(11d) Subspace Based Model Identification for Batch Quality Analysis Using Missing Data Algorithms | AIChE

(11d) Subspace Based Model Identification for Batch Quality Analysis Using Missing Data Algorithms

Authors 

Patel, N. - Presenter, McMaster University
Mhaskar, P., McMaster University
Sivanathan, K., McMaster University
Developing a good process model capable of handling batch process data is the key to good quality control. Batch processes tend towards the low volume production of high value products as this allows for poor quality batches to be discarded. Each discarded batch represents a significant loss in revenue motivating the need for advanced batch control approaches and fundamentally the development of accurate quality models. Recent advances in computing technology have led to increased amounts of historical data being available making data-driven modeling a viable choice for model identification.

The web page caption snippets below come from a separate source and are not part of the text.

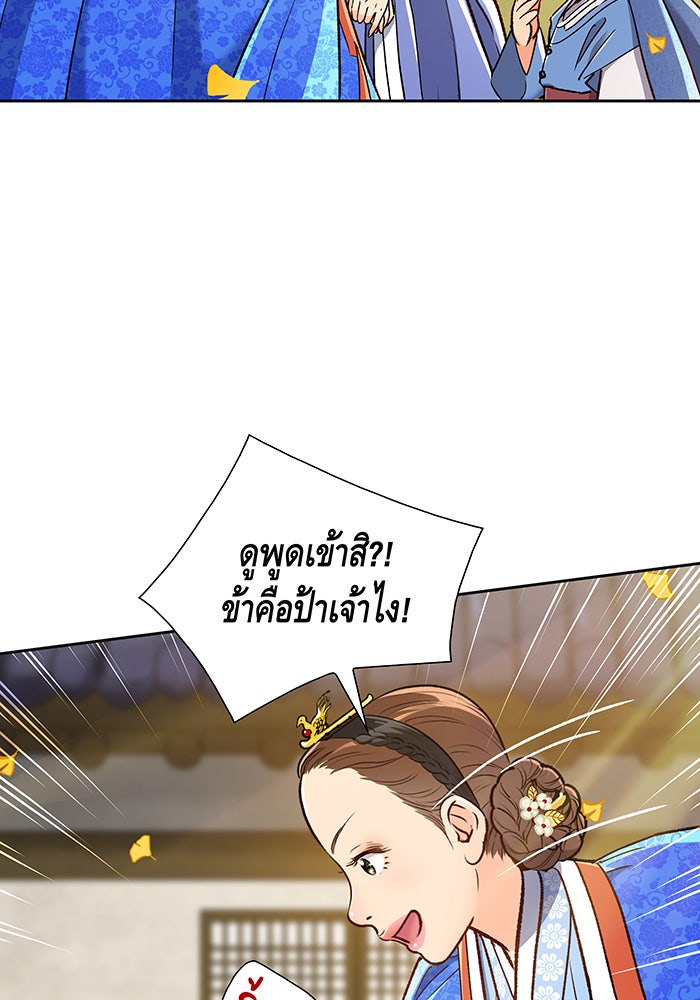 นางในหัวใจแกร่ง [The Red Sleeve] - หน้า 62
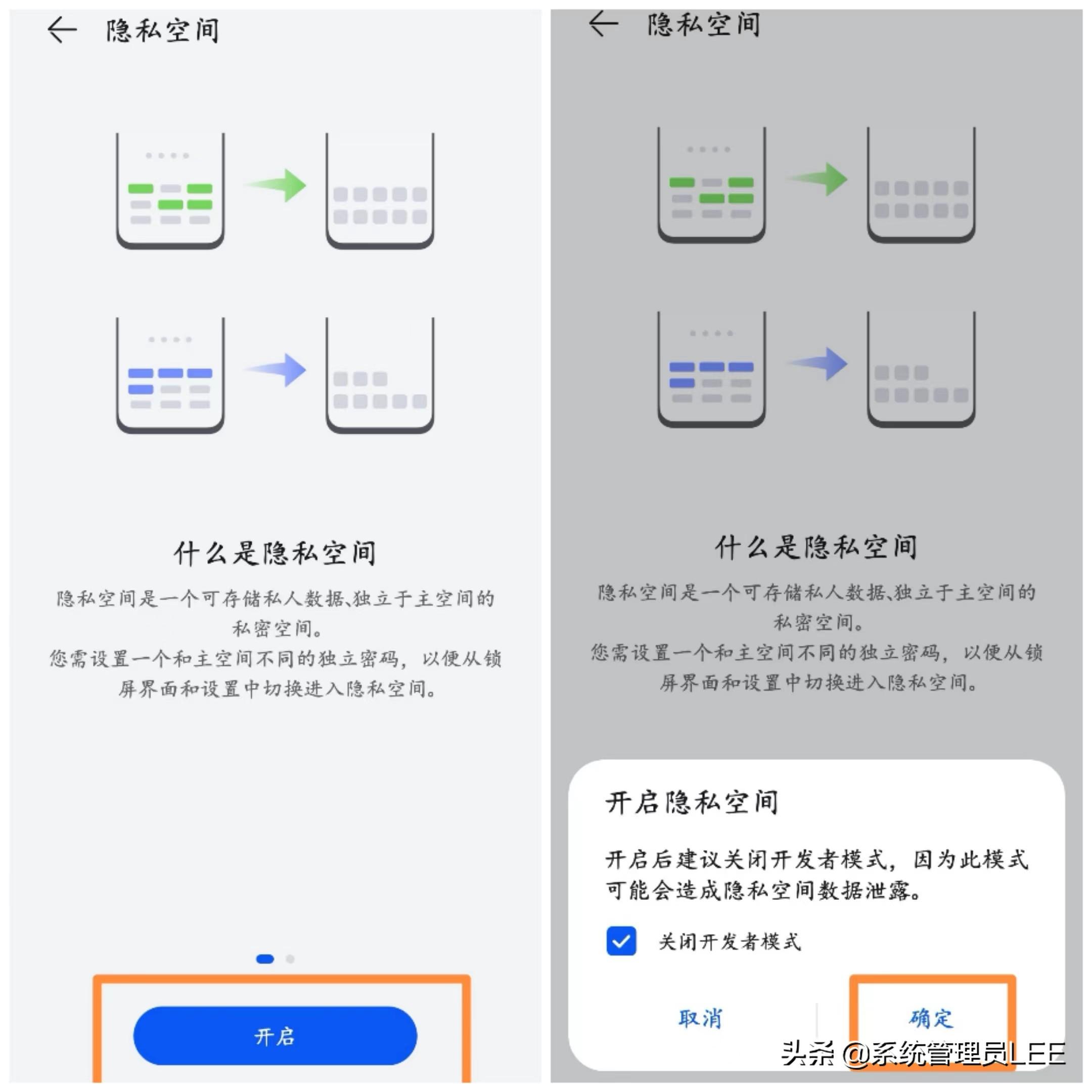怎么隐藏应用华为（华为手机巧妙隐藏应用方法） 第3张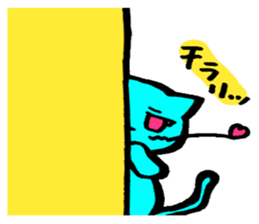 Cat  sometimes sticker #5154928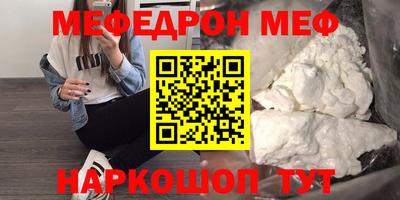 кокаин Партизанск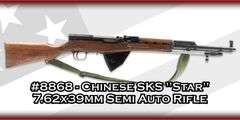 Chinese  SKS "Star"  7.62x39mm  Semi Auto Rifle
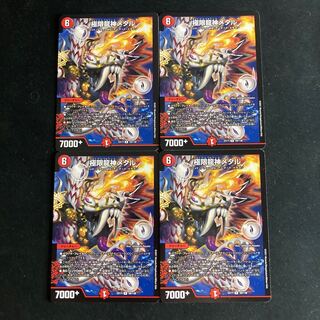 Extreme Dragon Metal R 59/138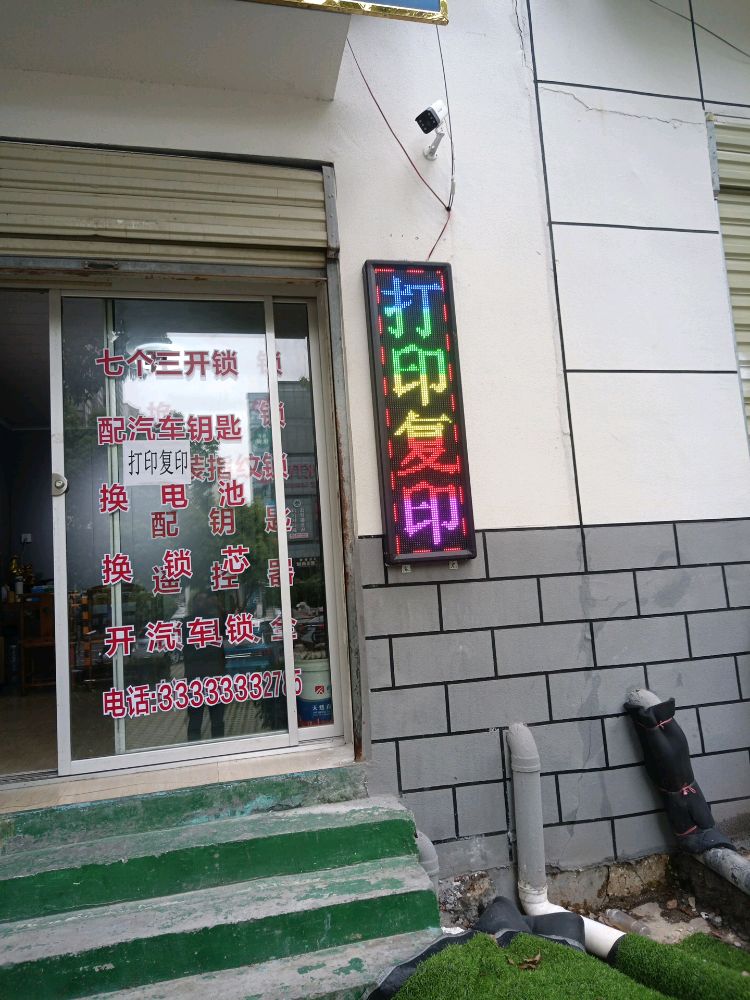 锁友开锁换锁配钥匙指纹锁安装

An important consideration when identifying data-driven models is the choice of input and output variables. While the distinction is typically based on variables that are controlled in comparison to those that are measured, the batch process also introduces a separate type of output variable; quality variables. Quality variables are still considered to be outputs from the process however they are not measured continuously nor are they always measured online. Quality measurements are often calculated based on the regular measured outputs or are determined by separate analyses of the batch. This difference is an important consideration for data driven modeling techniques as one assumption that is prevalent in process modeling scenarios is that the inputs and outputs are sampled at a single and uniform sampling rate. In practice, industrial processes often have different sampling rates for input and output variables. Additionally, processes record quality measurements at an even slower rate compared to traditional inputs and outputs. This leads to scenarios where inputs and outputs have some missing values due to differences in sampling rates whereas quality measurements are available at extremely low frequencies. This presents a challenge to traditional data driven modeling approaches that require complete data sets to identify a model.

This presentation addresses the problem of quality modeling in batch process data using a missing data subspace algorithm that adapts nonlinear iterative partial least squares (NIPALS) algorithms from both partial least squares (PLS) and principal component analysis (PCA) is utilized to build a data driven model. The use of NIPALS algorithms allow for the correlation structure of the input-output data to minimize the impact of the large amounts of missing quality measurements. These techniques are applied to a polymethyl methacrylate (PMMA) process example to show the efficacy of the missing data approach at identifying batch quality models.